Repo rate cut expected

The Credit rating agency ICRA has anticipated that the Monetary Policy Committee (MPC) of the Reserve Bank of India (RBI) would reduce the repo rate by 25 basis points (bps) in the upcoming policy review of August 2017. However, this will be a difficult decision for the Monetary Policy Committee (MPC), from the perspective of guiding the forward path of inflation, which will be the focus of all deliberations. The causes of the unanticipated drop over the past three months will have to be evaluated to form the basis of the trajectory for the next year and in the medium term. The year-on-year (YoY) CPI inflation declined to a series low of 1.5 per cent in June 2017, from 2.2 per cent in May 2017, led primarily by a deeper disinflation in food items (to -1.2 per cent from -0.2 per cent). The monsoon dynamics have been reasonably favourable so far, which has boosted sowing of most crops. Moreover, prices of a number of food items such as pulses, vegetables (barring tomatoes) and oils remain weak on a seasonally adjusted basis so far this month. However, a reversal of the favourable base effect could result in food and headline inflation rising sharply to exceed four per cent during H2 FY2017. The final impact of the GST on inflation will become clearer with a lag, as businesses would observe the impact of this tax on costs over a period of time, prior to raising prices. Although the revision in house rent allowance (HRA) of Central government employees with effect from July 1, 2017, is likely to push up housing inflation, its impact would be staggered over FY2018 and the first quarter of FY2019. Despite measures taken by the RBI to absorb liquidity through instruments such as cash management bills, treasury bills issued under the market stabilisation scheme and the recent open market sales of G-sec, a substantial Rs. 3.4 trillion is being absorbed on an average through overnight and term reverse repos in July 2017.

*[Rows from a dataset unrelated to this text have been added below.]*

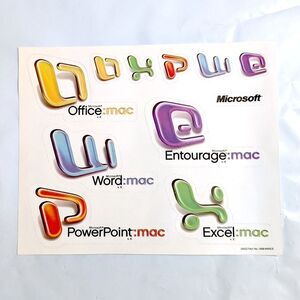 Vintage Microsoft Office V.x Mac Stickers 2001 Y2K Retro Collectible Computer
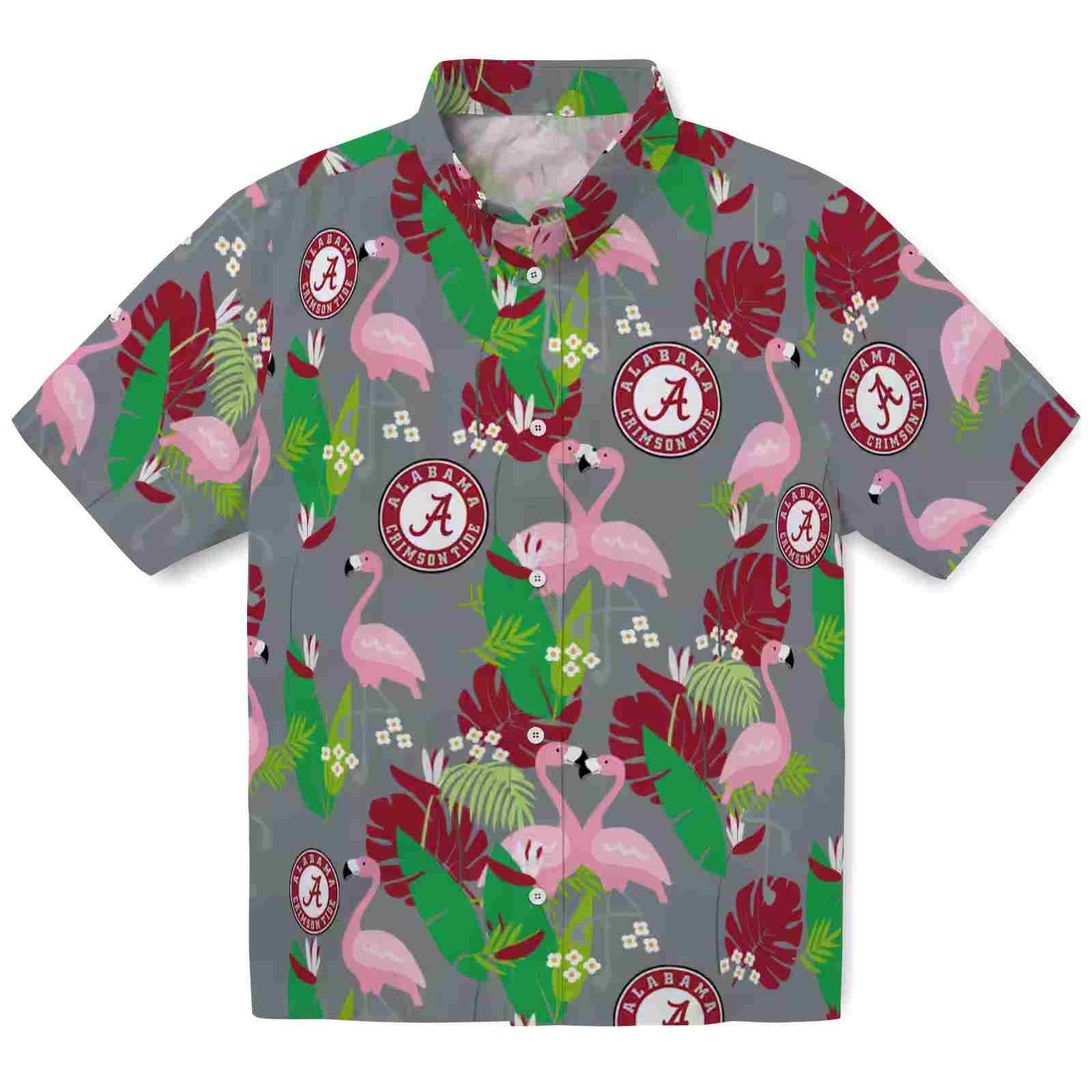 alabama crimson tide flamingo foliage crimson green hawaiian shirt best selling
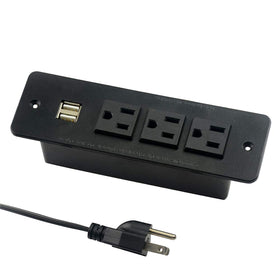 4 LEAF conference recessed power strip front view—tidy desk and easy outlet access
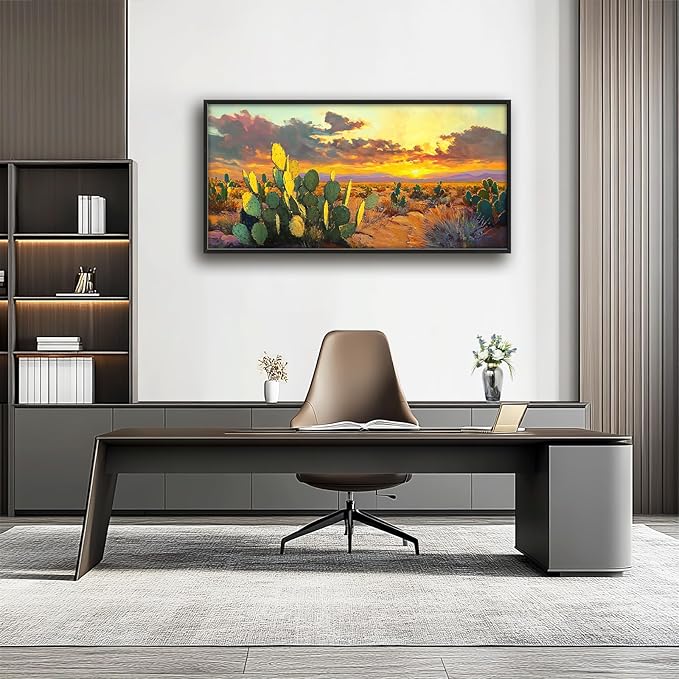 Western Cactus Large Wall Art Southwest Dessert Pictures Wall Decor Aztec Big Canvas Painting Prints Framed Artwork Home Decorations Above Bed for Bedroom Living Room Dining Room Bathroom 60"x30"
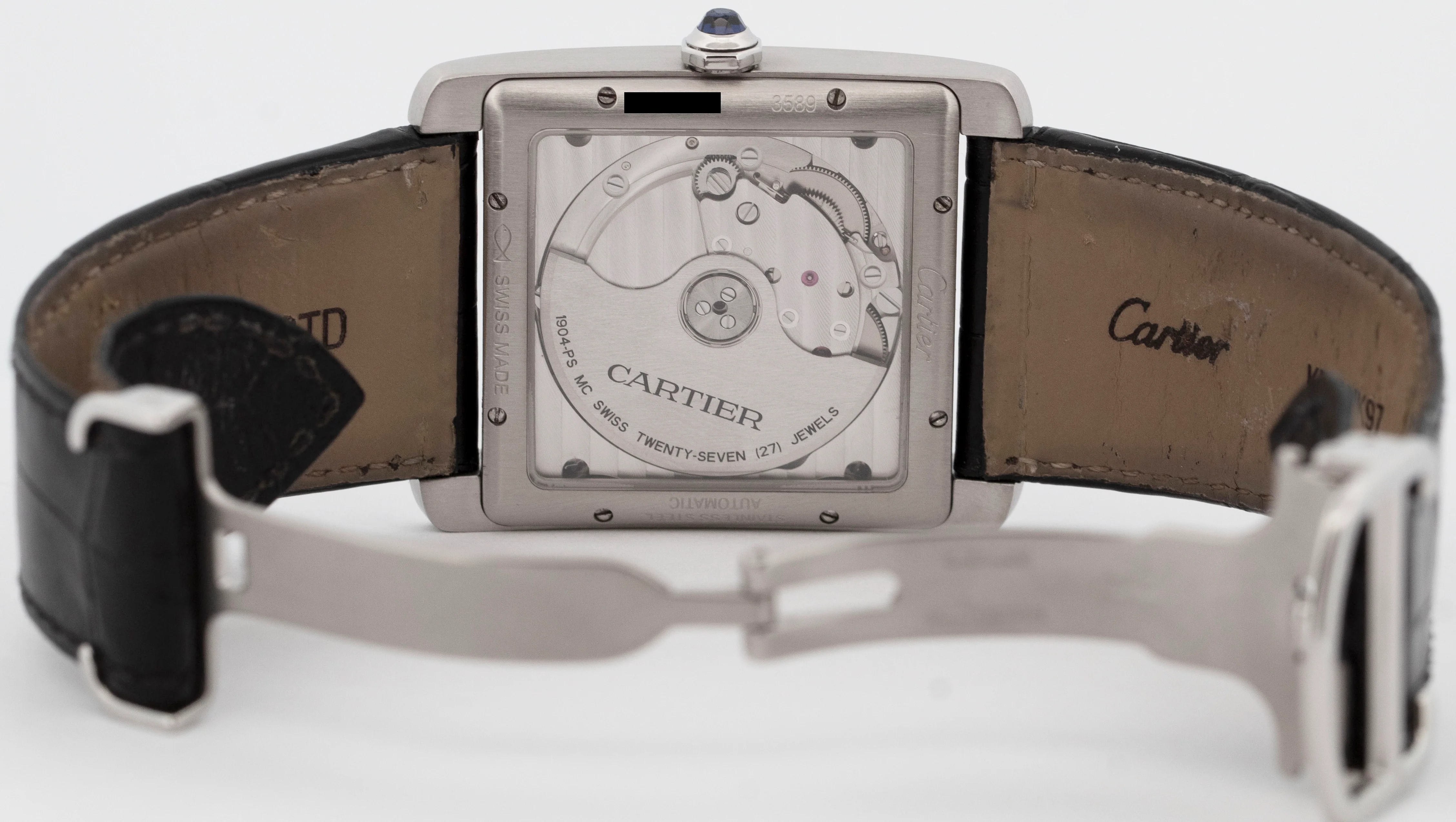 MINT Cartier Tank MC SILVER ROMAN Automatic Leather 34mm x 44mm 3589 W5330003 - Image 6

A portion of the continuing surplus in systemic liquidity is structural and not frictional in nature, warranting permanent measures of absorption, such as sales of the RBI's holdings of G-sec, to supplement the absorption of surplus liquidity through other short term tools. In this environment, the MPC will have to consider the prospects of the trajectory falling even further than expected. This has happened in the past, particularly on food inflation. And this has been a gap not just in the RBI's inflation projections, but also in the median of the responses of the Survey of Professional Forecasters (SPF). Another important factor in a rate-cut decision will be the objectives achieved by lowering interest rates. But, a million-dollar question remains - how much would these measures help in reducing the output gap?